■ **GIVEN INFORMATION**:
*** Begin section ***
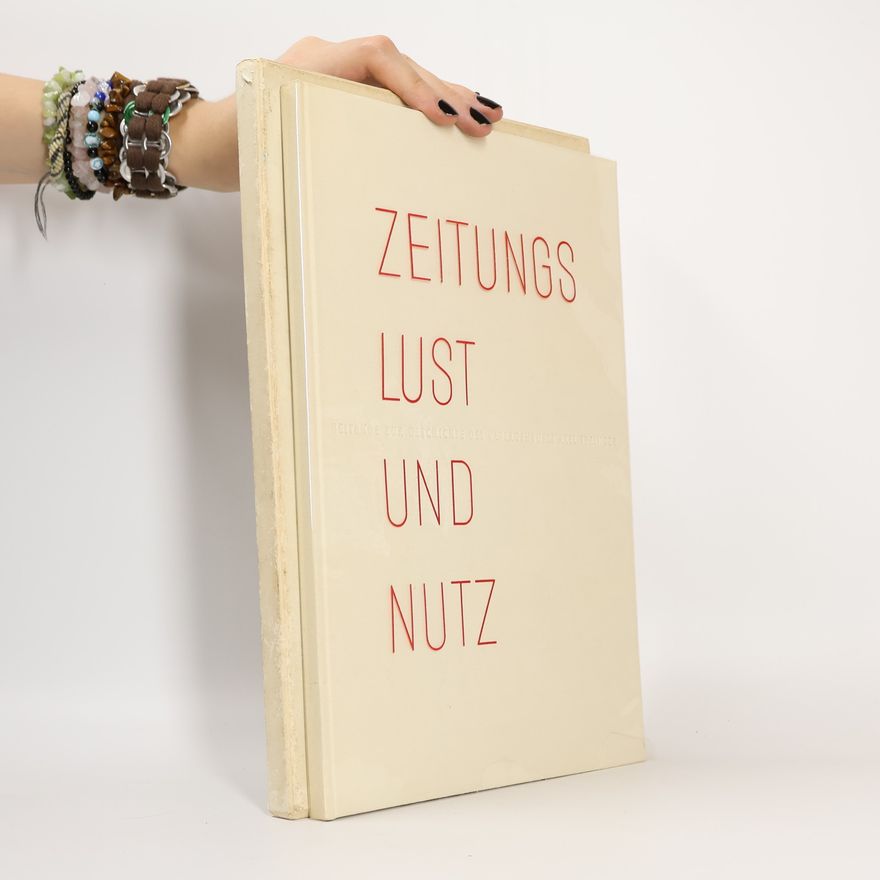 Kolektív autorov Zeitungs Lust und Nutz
*** End section ***
*** Begin section ***
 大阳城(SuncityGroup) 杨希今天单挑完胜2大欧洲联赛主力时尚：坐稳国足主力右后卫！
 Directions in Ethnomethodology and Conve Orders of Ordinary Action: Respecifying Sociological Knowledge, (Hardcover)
*** End section ***
*** Begin section ***
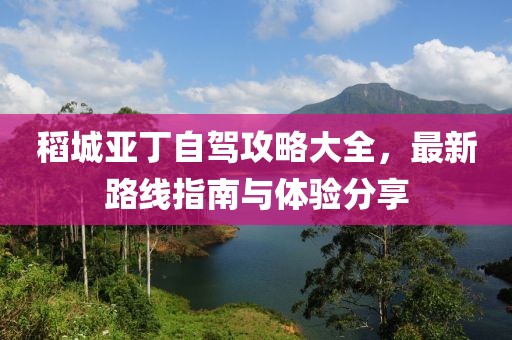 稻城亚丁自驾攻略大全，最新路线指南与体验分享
*** End section ***
■ **EXERCISE AIM**: From the entries above, restate word for word the lines from the line containing "大阳城(SuncityGro" to the line containing "Directions in Ethnomethodology", both ends included, and nothing more.

■ **RESULT OF THIS EXERCISE**:
 大阳城(SuncityGroup) 杨希今天单挑完胜2大欧洲联赛主力时尚：坐稳国足主力右后卫！
 Directions in Ethnomethodology and Conve Orders of Ordinary Action: Respecifying Sociological Knowledge, (Hardcover)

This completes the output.